ドワーフたちは、太陽の光に当たると石になってしまうといわれるほど、地上よりも地下に親しむ存在。つまり、大地の奥深くに隠された「知恵」「財宝」「技術」の象徴なんですね。


彼らが暮らすのは、硬い岩盤の中や金属の鉱脈の奥──人間の力では到底たどり着けないような場所です。


だからこそ、ドワーフは「地の恵みを司る小さな神々」として、畏れと敬意をもって語られてきたんです。

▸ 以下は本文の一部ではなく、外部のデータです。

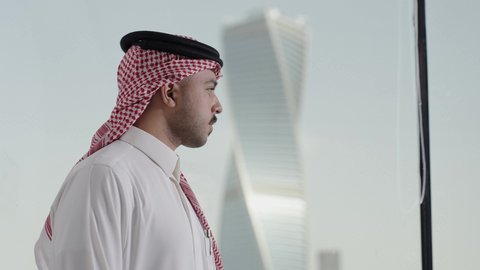 الوقوف بايدي متقاطعه بتعابير الثقة بالنفس، المباني والأبراج التجارية المشهورة، النمو والتطور العمراني، تصوير من الجانب لرجل عربي خليجي سعودي يرتدي الشماغ ينظر من نافذة المكتب على برج المجدول في مدينة الرياض ، الفنون الهندسية المعمارية لناطحات السحاب في المملكة العربية السعودية، معالم الرياض السياحية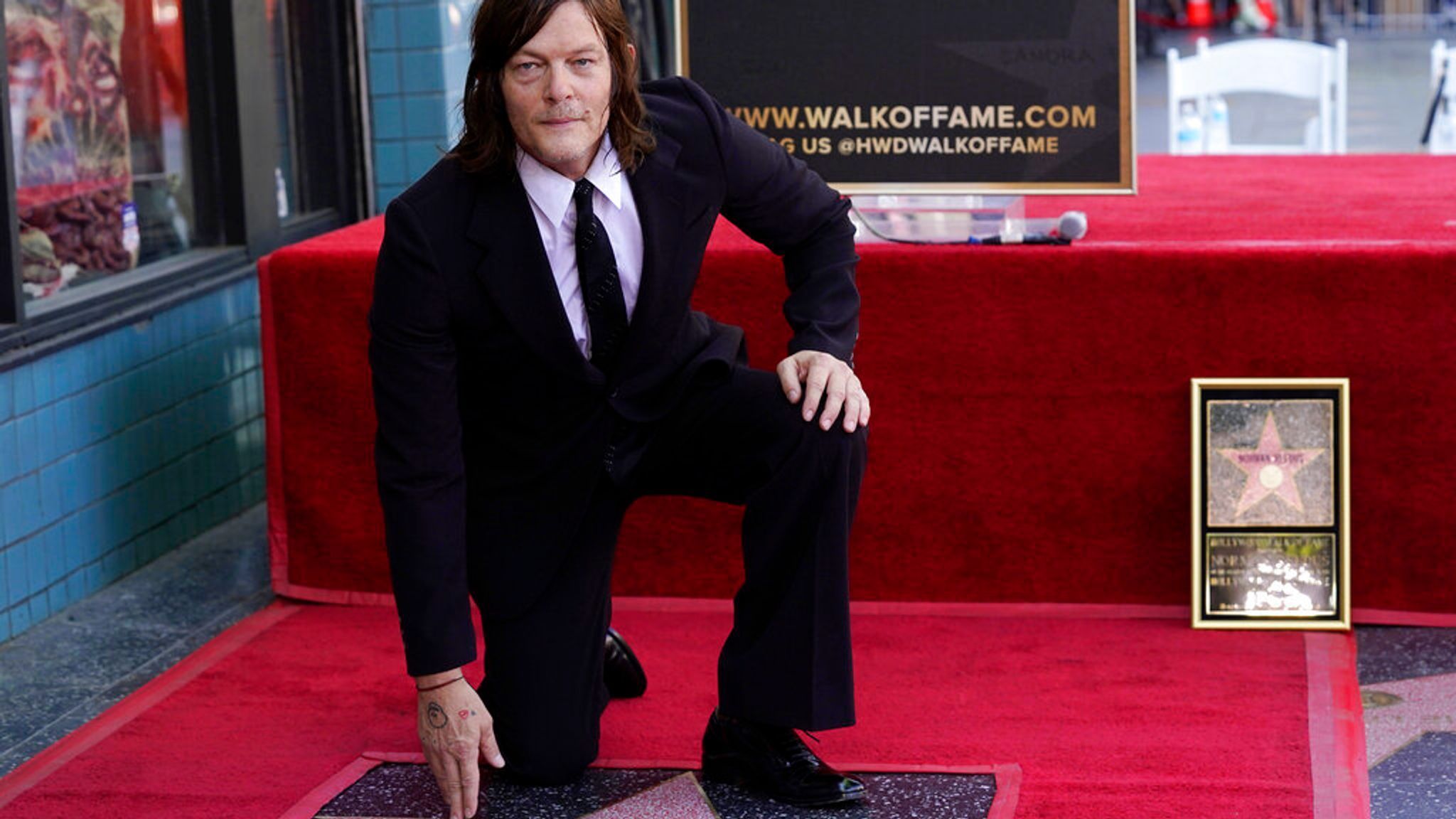 2048x1152 The Walking Dead star Norman Reedus gets a star on Hollywood's Walk of Fame. Ents & Arts News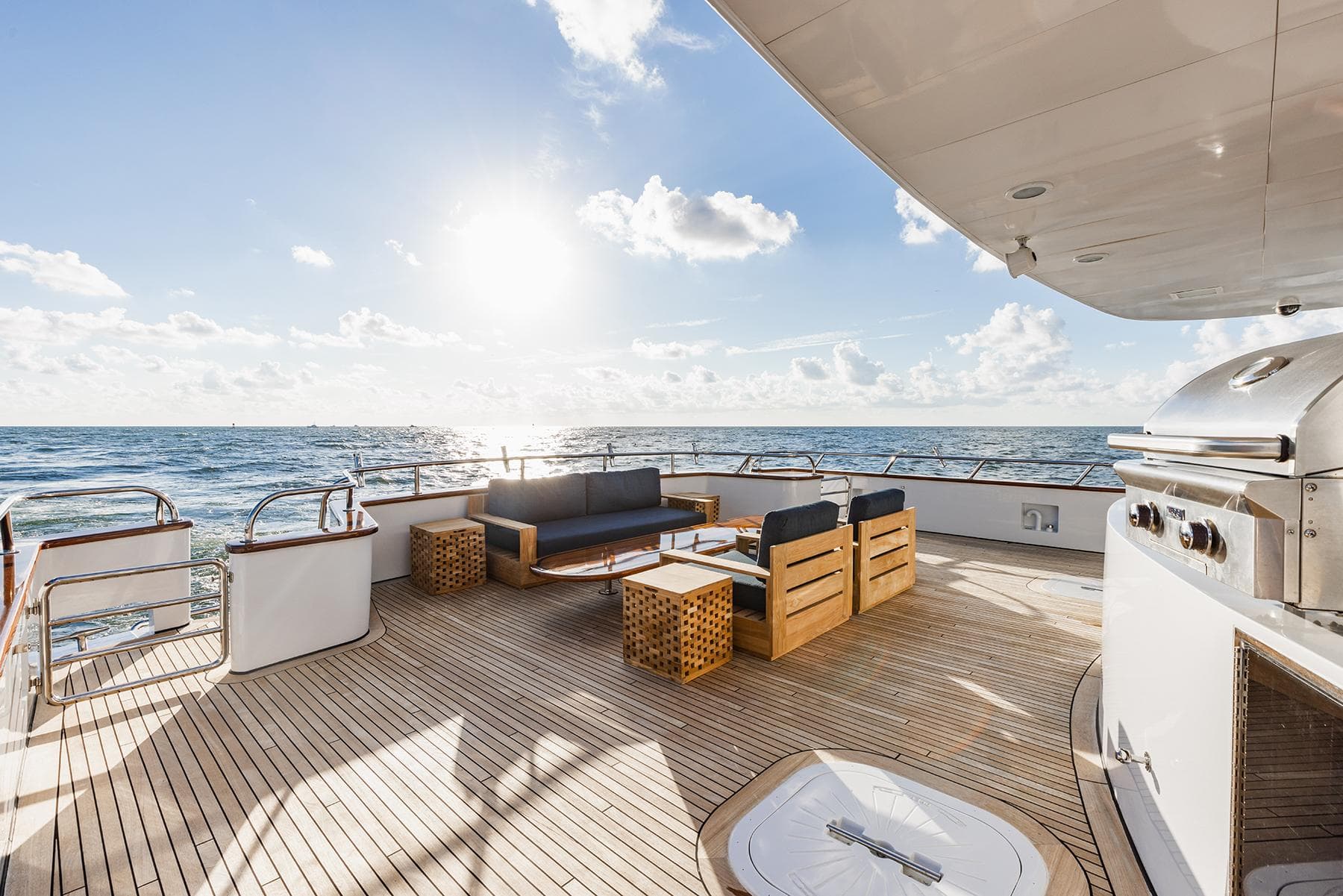 Luxurious deck of 2009 Crystal Motoryacht at sunset.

大地には、目に見えない命や力が眠っている──その考え方を体現しているのがドワーフたちというわけなんです。


❄️神話内のドワーフ一覧❄️
  • ブロックとエイトリ(Brokkr & Eitri / Sindri):名高い鍛冶の兄弟で、ミョルニル、ドラウプニル、グリンガメンなど神々の至宝を鍛えたことで知られる。
  • ドヴァリン(Dvalinn):多くの詩や伝承に登場する重要なドワーフで、ルーンや金細工、魔法知識との関連性を持つ。妖精や死者との境界に関わる存在としても語られる。
  • アンドヴァリ(Andvari):変身能力を持つドワーフで、呪われた指輪「アンドヴァラナウト」と黄金を所有していた。『ヴォルスンガ・サガ』に深く関わる。


 


というわけで、北欧神話における「大地の神々」とは、どれもが土の中や地の果てに宿る静かな力を象徴しています。


ヨルズは無言で命を支える母なる大地、ヨルムンガンドは大地の輪郭を守る蛇、そしてドワーフたちは地の奥に眠る知恵と技術の化身。


目立たないけれど確かな存在感を持つこれらのキャラクターたちが、北欧神話の大地観を静かに、しかし力強く支えているのです。


次に土の上を歩くとき、そこに何千年も昔から続いている物語が眠っているかもしれない──そう思うと、なんだか胸が高鳴りますよね!



🌍オーディンの格言🌍

 

わしらの歩む地、そのすべてに、ヨルズのぬくもりが息づいておる。
トールを産み、命を育み、死者を迎えるその懐は、すべての存在に安らぎと力を与えるものじゃ。
目には見えぬが、忘れてはならぬ神──それが「大地の母」ヨルズよ。
戦のときも、宴のときも、わしらは常に彼女の上に立ち、彼女の恵みを受けて生きておる。
大地に感謝を忘れる者に、真の繁栄は訪れぬぞ。